The tangent method was employed to determine the uniaxial bearing load capacity, by referring to the study of Long et al. [43], for which no distinct yield value was observed when the load-displacement curve reached its maximum displacement. When the suction anchor moves horizontally or vertically without rotation, the uniaxial bearing capacity is equivalent to the uniaxial ultimate bearing capacity H_ult and V_ult. The complete VH failure envelopes for the suction anchor can be obtained through sweep analysis, reverse sweep analysis, and probe analysis, which has been widely applied[32].

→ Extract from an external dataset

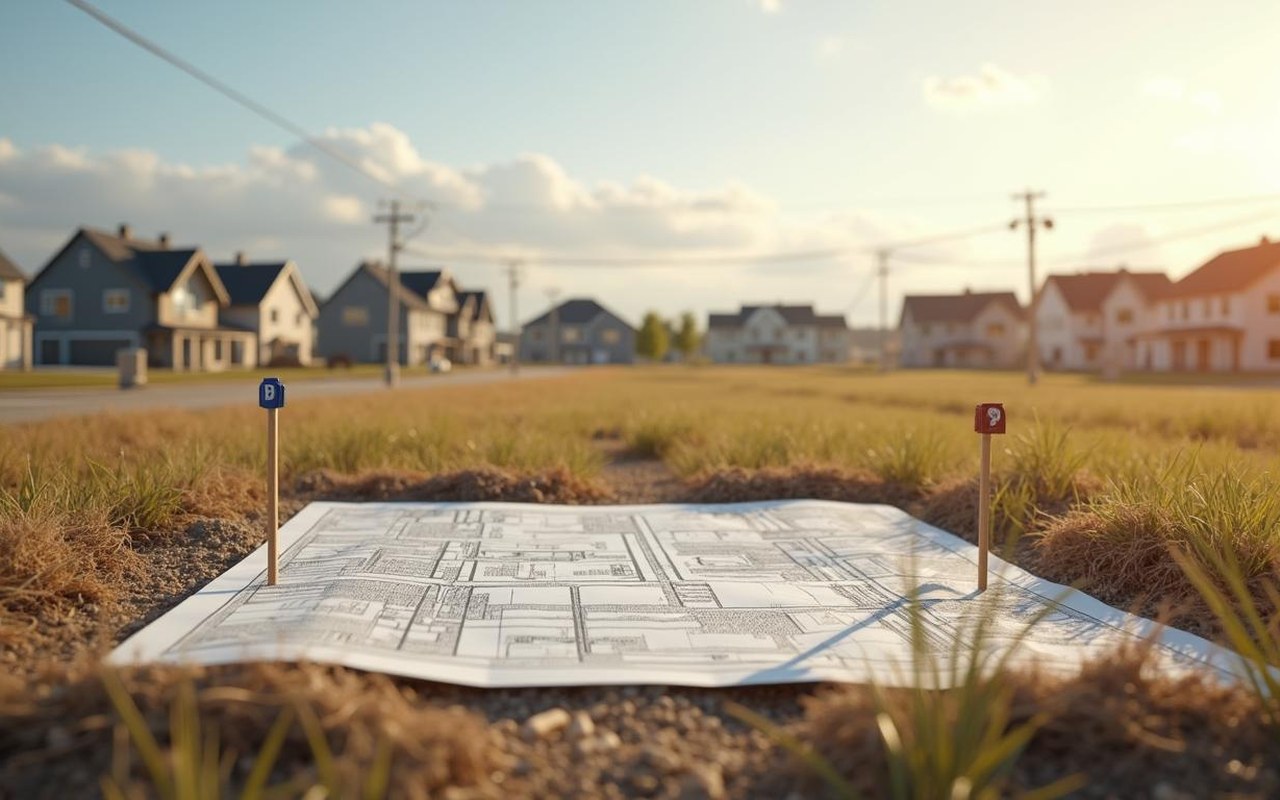 Terrain constructible en lotissement avec panneaux de limites cadastrales.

As shown in Figure 2, when the suction anchor moves horizontally under inclined loading without rotation, the inclined load can be simplified into a horizontal force H, a vertical force V, and a constraining moment M. By applying the principle of moment equilibrium, the optimal padeye depth Z_pad,opt at the corresponding angle and the optimal centerline loading depth Z_cl,opt can be obtained, which satisfy the equation:

$$Z_{cl,opt}={\displaystyle \frac{M}{H}}$$

(2)

$$Z_{cl,opt}=Z_{pad,opt}+{\displaystyle \frac{D}{2}}\times \tan \theta$$

(3)

3. Model Validation

To validate the accuracy of the constructed numerical model, the numerical simulation results of suction anchors under inclined loading were compared with existing experimental results, as shown in Figure 3. It can be seen from Figure 3 (a), for NC with S_u=1.25z and L/D=1.5, the numerical simulation results show excellent consistency with test results from Supachawarote [32] and experimental results from the Norwegian Geotechnical Institute (NGI), Offshore Technology Research Center (OTRC), and Center for Offshore Foundation Systems (COFS). The VH envelope obtained from the numerical model closely matches their findings, which indicates that the numerical model developed in this study can effectively reproduce the pullout behavior of suction anchors in clay.

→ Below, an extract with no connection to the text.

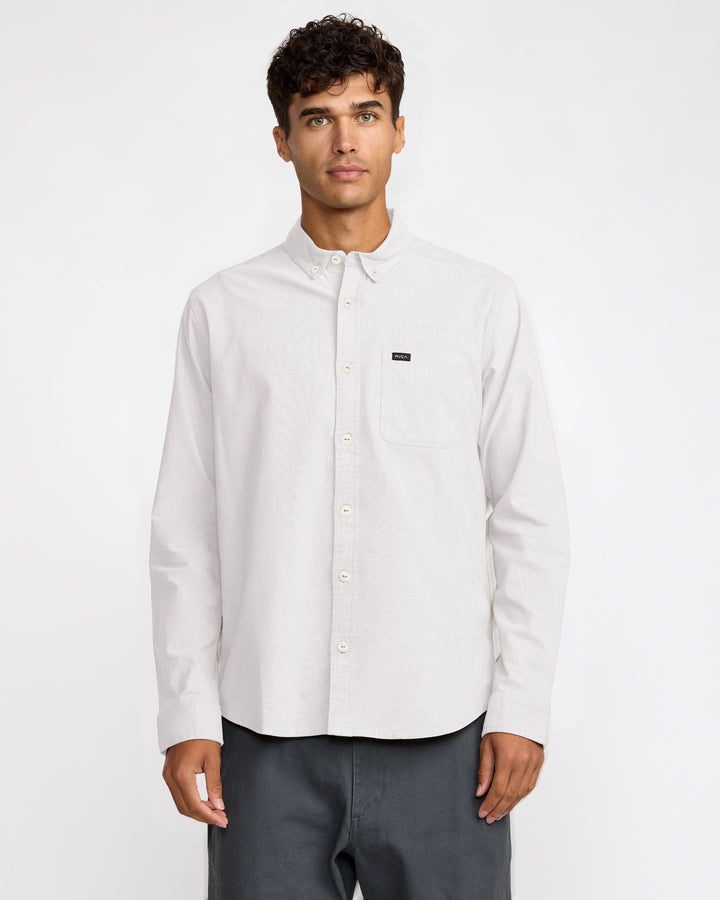 RVCA Men's That'll Do Stretch Long Sleeve Shirt - White - Sun Diego Boardshop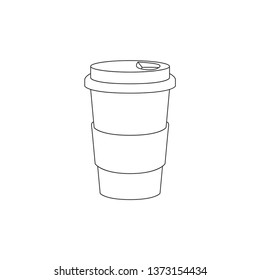 Vector Illustration Coffee cup isolated with white backgroud - lineart design - vector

Furthermore, the accuracy of the constructed numerical simulation model was further validated by referencing centrifuge test data and finite element modeling results for non-cohesive soils from Kim et al. [17,28].The Loads were applied at the top of the suction anchor and below the mud surface at Z_pad=2/3L, with cu=7 kPa, internal friction angle φ=32°, and dilation angle ψ=8°. The selection of relevant parameters strictly followed those used in the centrifuge tests and finite element model. The corresponding comparison results are shown in Figure 3(b), which shows that the constructed numerical model can effectively characterize the bearing capacity of the suction anchor.

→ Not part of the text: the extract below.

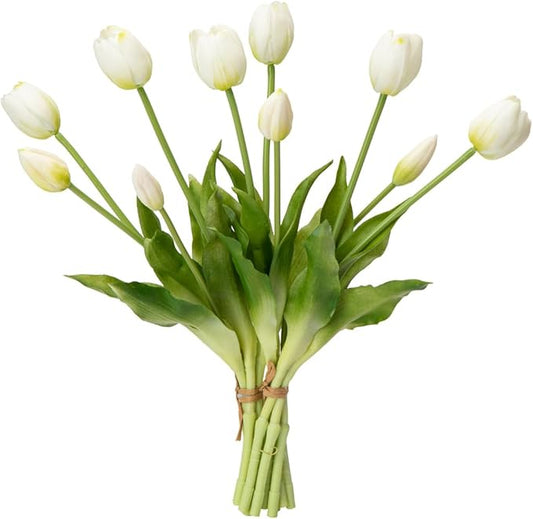 Sousi Real Touch Tulips Artificial Flowers Latex Faux Tulip Realistic Fake Tulips Flowers for Wedding Home Decorations (10, White)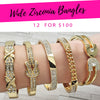 12 brazaletes anchos de zirconio ($8.33 cada uno) por $100 Gold Layered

4. Results of Numerical Analyses

4.1. Optimum Centerline Loading Depth Z_cl，opt

The optimal centerline loading depth Z_cl,opt is the key factor determining whether the suction anchor undergoes translational or rotational motion under inclined loading. When the inclined load vector applied to the suction anchors padeye passes through Z_cl,opt, the suction anchors move horizontally under the inclined load without rotation. At this point, the inclined load corresponds to the maximum pullout force at the given mooring angle. When the inclined load vector applied to the anchor padeye deviates from Z_cl,opt, the suction anchor will rotate forward or backward during the pullout process, correspondingly reducing the pullout resistance of the suction anchor. Therefore, Z_cl,opt is an indicator reflecting the pullout resistance capacity and failure mode of the suction anchor under corresponding soil parameter conditions. In engineering design, the location of Z_cl,opt must be prioritized for determination.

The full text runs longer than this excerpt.